Это были ее последние слова. В тот самый момент, когда Жильда подошел с бесчувственной Од на руках, Бертрада отдала Богу душу.
Оливье не успел осмыслить то, что услышал.
Слегка поколебавшись, Жильда положил Од в лодку, на другой ее конец, поскольку увидел, что впереди уже кто-то лежит. Из осторожности факел на лестнице потушили, и в темноте было очень плохо видно. Сейчас это было предпочтительнее, потому что нападавшие один за другим выскальзывали из башни и направлялись к Малому мосту. Молчаливые тени казались бесформенными от груза награбленного: школяры возвращались в колледж, бандиты — в свои логова, а те, кого освободил Монту, — кто куда. Сам он вышел последним, тщательно закрыв за собой дверь. Держа свой лук в руке, он подошел к лодке. Молодой Жильда спросил, какого черта было решено вылавливать из реки труп.
— Это я так приказал, — ответил Монту. — Мне надо было узнать, кто эта жертва. И я поступил правильно, потому что она была еще жива.
— Теперь уже нет, — сказал парень, который занимался Бертрадой. — Только что умерла. Быть может, лучше сбросить ее в воду?
— Нет! — проворчал Оливье. — Это свояченица мэтра Матье, тетка...
И взгляд его упал на девушку, которая сидела, прислонившись спиной к борту. Должно быть, она очнулась: держала голову поднятой и осматривалась, но в ее широко раскрытых глазах не было даже искры понимания того, что происходит.
— Я отвезу их обеих домой, — сказал он твердо. И Жильда тут же предложил:— Позвольте мне поехать с вами! Эта лодка слишком тяжела для одного.
— Спасибо. Нет. Никак нельзя. Матье находится в розыске...
— И вы боитесь, что я донесу на него? Вы оскорбляете меня, мессир! Я учусь, чтобы стать медиком и клириком... но я дворянин. Позвольте мне помочь вам!
Говоря это, он не сводил глаз с Од. У девушки был напряженный взгляд, по щекам текли слезы, и она по-прежнему молчала. С дрожащих губ не слетело ни единого слова, она только как-то странно постанывала. И Оливье понял, что этому юноше можно довериться, — именно потому, что он просто влюблен в прекрасную девочку. Правда, он не понял, почему эта мысль оказалась для него такой неприятной. И он не отказал себе в удовольствии позубоскалить:
— Вы уверены, что хотите стать клириком?
— Я младший сын в семье и не имею права высказывать свою волю... А в коллеже мне нравится, я хочу научиться лечить людей.
Решив, что пора прекращать эти пустые разговоры, Монту вмешался.
— Соглашайтесь! — бросил он Оливье. — Я хорошо знаю людей и могу вам поручиться за этого парня, — добавил он с улыбкой, почти неразличимой в темноте. — Я даже убежден, что Матье получит еще одного верного соратника...
— Почему вы сами не хотите ехать?
— Для меня ночь еще не закончена, и мне надо еще кое-что сделать, — продолжал Монту, поглаживая дубовый изгиб своего лакированного лука.
— Очередное послание?
— Я еще не закончил со Сварливым! Надо, чтобы парижане узнали, как мы с ним обошлись! Завтра на всех перекрестках люди будут хохотать! Для этого я его и пощадил. А с вами мы скоро встретимся, друг! Если я вам понадоблюсь, вы знаете, где меня искать...

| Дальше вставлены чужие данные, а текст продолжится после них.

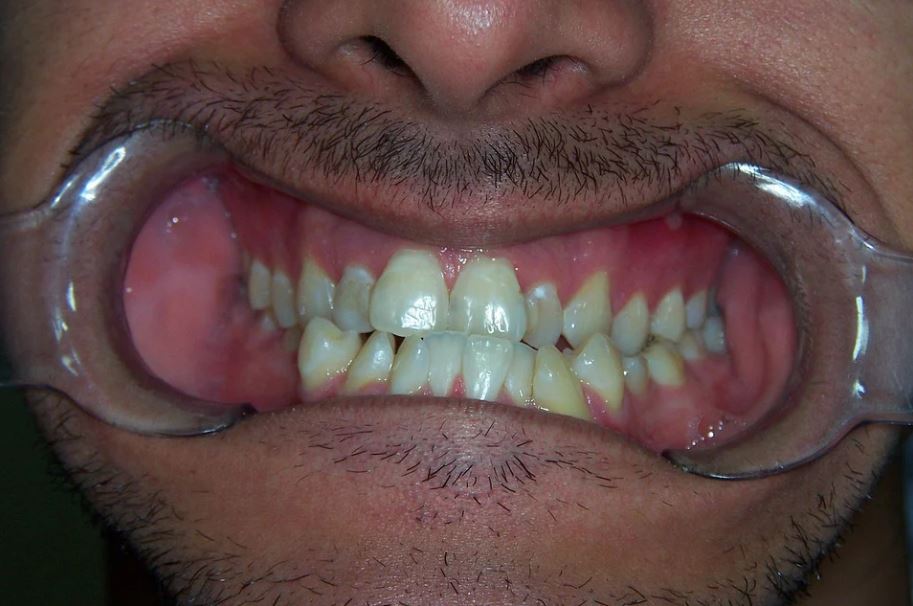 Invisalign change the placement of teeth gradually.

Он заложил лук за спину, надел плащ, взял за руку парня, который помогал бедной Бертраде, и ушел с ним, как другие, по берегу.
— Хорошо! — вздохнул Оливье — Если мы хотим успеть до рассвета, пора отправляться в путь.
Жильда старался устроить Од как можно лучше: он накрыл ее платьем, чтобы она согрелась. Ночь была свежа, и, похоже, к рассвету должно было еще похолодать. Оливье прикрыл тело Бертрады, потом сел за весла, не дожидаясь, когда Жильда сделает то же самое. Без видимых усилий он направил лодку к середине реки, на течение. Лодка была тяжелой, но сын Санси, еще не понимая, какая перемена в нем произошла, ощущал потребность двигаться, размять все мускулы своего мощного тела, данного ему природой, чтобы доказать себе, что он прежний человек, что ровным счетом ничего не случилось. Гребя, как бешеный, он вспоминал привычные слова погребальных молитв. Но они ускользали. Он никак не мог оторвать глаз от неподвижной фигуры впереди, закрытой грудой ткани, и понимал, что не видит больше девушку. Он греб в бешеном ритме, но не хотел, чтобы Жильда присоединялся к нему. Ему казалось, будто он один везет Од к отцу. Впрочем, его спутник не настаивал.
Этот каторжный ритм пошел ему на пользу. Как, возможно, и слезы, которые текли по его щекам, хотя он их не замечал...
Скрючившись на камнях перед очагом, сжав локти коленями и обхватив голову руками, Эрве рыдал. Все вокруг молчали: никто из трех мужчин не посмел вмешаться, даже Оливье, потрясенный горем того, кто был ему больше чем братом, хотя он никогда не видел, чтобы тот пролил хоть слезинку. Да и что может утешить человека, который, будучи уже бесправным изгнанником, потерявшим все, кроме чести, только что узнал, что из-за безумия племянников лишился теперь даже собственного имени? Ведь феодальный закон не ведал жалости: любой, кто оскорбит Королевское величество, должен быть предан позорной смерти, все имущество его передано в казну, равно как имущество всех его родных, замки разрушены, герб сломан рукой палача, имя проклято и навсегда вычеркнуто из рядов рыцарства, как и из списков дворянских родов.
Не в силах больше смотреть на муку и унижение того, кто всегда был безупречен, предан долгу и наделен душевным великодушием, Оливье присел рядом с ним, плечом к плечу.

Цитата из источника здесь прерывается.